I promised that this blog would be about the religious right's point of view on homophobia. It's a topic I don't much like talking about anymore, but there was a time when I couldn't shut up about it.
I got obsessed with this subject in 1992, when I directed the Unitarian Universalist Association's LGBT office. That year, voters in two states had anti-gay constitutional amendments to consider: Amendment 2 in Colorado and Ballot Measure 9 in Oregon. Amendement 2 passed and was thrown out by the Supreme Court in 1996. Ballot Measure 9, which was much more vitriolic, failed. (There is a great documentary about Oregon in 1992, called, fittingly, Ballot Measure 9, available on Netflix.)
At a national conference for LGBT equality called Creating Change, right after the presidential election in 1992, I first heard of something called the "religious right." When I got home to Boston, I settled into a research phase at a nonprofit called Political Research Associates. Through the long, cold New England winter, I waded through books, pamphlets, training manuals, videos, and other materials created by groups like the Traditional Values Coalition, Focus on the Family, and the Christian Coalition. I read books that proposed concentration camps for people with AIDS, electroshock therapy treatment to "heal" homosexuality, and other sickening ideas.

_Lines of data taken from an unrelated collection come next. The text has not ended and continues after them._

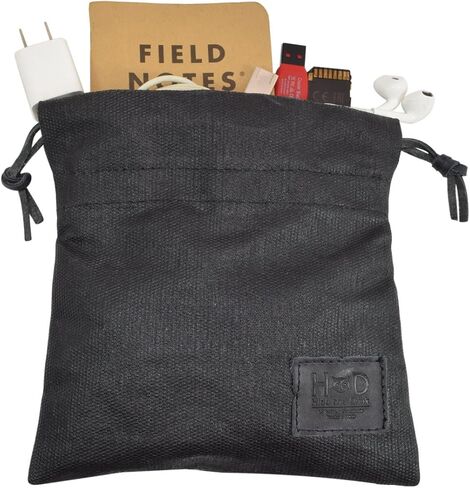 Hide & Drink, Golf Valuables Field Pouch, Golf Bag, Multipurpose Pouch with String, Sport Organizer, Waxed Canvas, Handmade in Saudi Arabia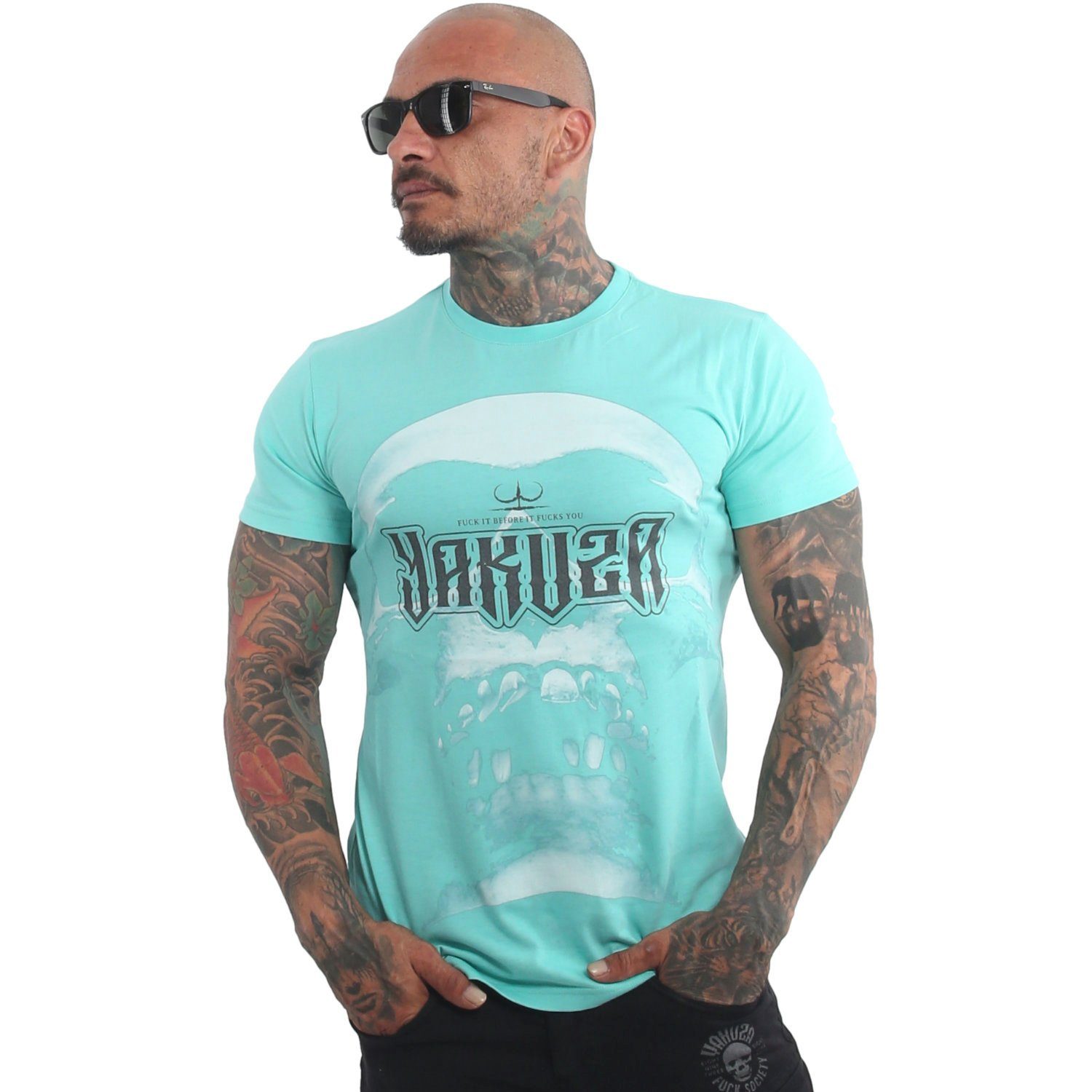 turquoise YAKUZA T-Shirt Skull Ghost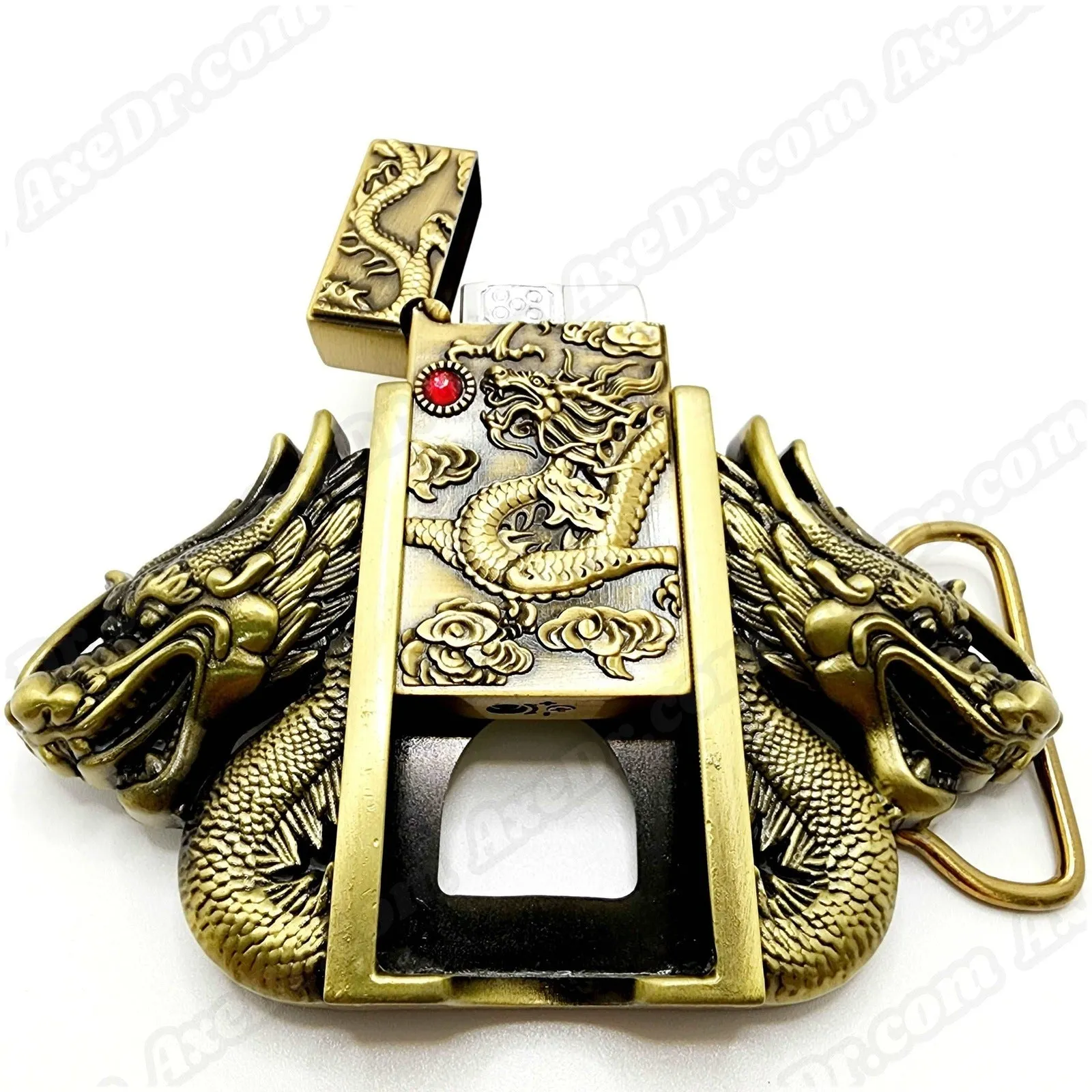 Dual Dragons Gold Lighter Belt Buckle / Push Button Lighter Holder Buckle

Most of it, though, seemed to me to go in an endless loop: God hates gays because gays are bad, so God hates gays, so we hate gays. I kept thinking, "There's something else, though!" Knowing that the same Bible cited to condemn gays could have been used to advocate for the extermination of people who blasphemed (Leviticus 24:16: "One who blasphemes the name of the LORD shall be put to death; the whole congregation shall stone the blasphemer"), I kept trying to figure out exactly why LGBT folks were so particularly targeted.
Of course, one reason for being targeted might have been that LGBT people were, sometimes effectively, advancing equality and understanding, and blasphemers weren't. But I kept looking for something deeper.
And then I finally read a book that really helped me understand. James Dobson, who made a fortune and a name by founding Focus on the Family, first came to prominence by writing the book Dare to Discipline: A Psychologist Offers Urgent Advice to Parents and Teachers in 1970. This book is still widely read; indeed, much of it is sound advice about setting limits for kids. But here is the passage that made me sit up straight in my chair and blink slowly:
The issue of respect can be a useful tool in knowing when to punish and how excited [a parent] should get about a given behavior. First, the parent should decide whether an undesirable behavior represents a direct challenge of his authority -- to his [sic] position as the father or the mother. Punishment should depend on that evaluation ... In my opinions, spankings should be reserved for the moment a child expresses a defiant "I will not" or "You shut up!" When a youngster tries this kind of stiff-knecked rebellion, you had better take it out of him, and pain is a marvelous purifier.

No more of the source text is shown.